Everyone keeps saying you should work on changing yourself. Since were seperated who can recommend a really good self help book for me.


----------



## Bigsigh (Oct 26, 2009)

There is lots of them out there. The best one I found for my situation is The Power of Now by Eckhard Toole


----------



## Sven (Nov 18, 2009)

James.

It's in the New Testament. Read the first chapter and tell me what you think.


----------



## noideato20 (Oct 27, 2009)

Ive heard alot of people recommend that five love languages. Im sorry but I am having the worst day. I lost my debit card and I had to call and cancel it and I started sobbing on the phone to the bank. I cried in front of my kids. The pain of this is just unbearable sometimes.
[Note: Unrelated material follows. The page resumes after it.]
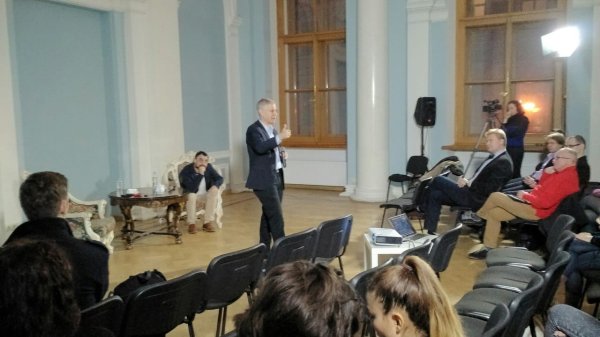 Лекция Ярона Брука: "Зачем читать Айн Рэнд в России?"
Its cold and dreary outside and im lonely and i miss my husband and I feel like im gonna have a nervous breakdown. Ive been praying all day but all I can do is cry. Its like my soul is aching if that makes any sense. I dont know what happened except for today is one week since he has been gone.
_Posted via Mobile Device_


----------



## Sven (Nov 18, 2009)

I'm so sorry you are hurting.


----------



## swedish (Mar 6, 2008)

noideato20,

Sorry you had a bad day yesterday...I hope today is better for you. When I separated from my ex, I read Simple Abundance...little short snippets so it was easy to pick up/put down whenever I had a few minutes.

I can't remember where I heard this, but I also found a picture of myself as a little girl...put it in a frame on my nightstand....just a reminder of 'me' when I was still a young dreamer....it helped me to stay grounded. At some point, I actually redid my bedroom...made it more of a comfy retreat for myself


----------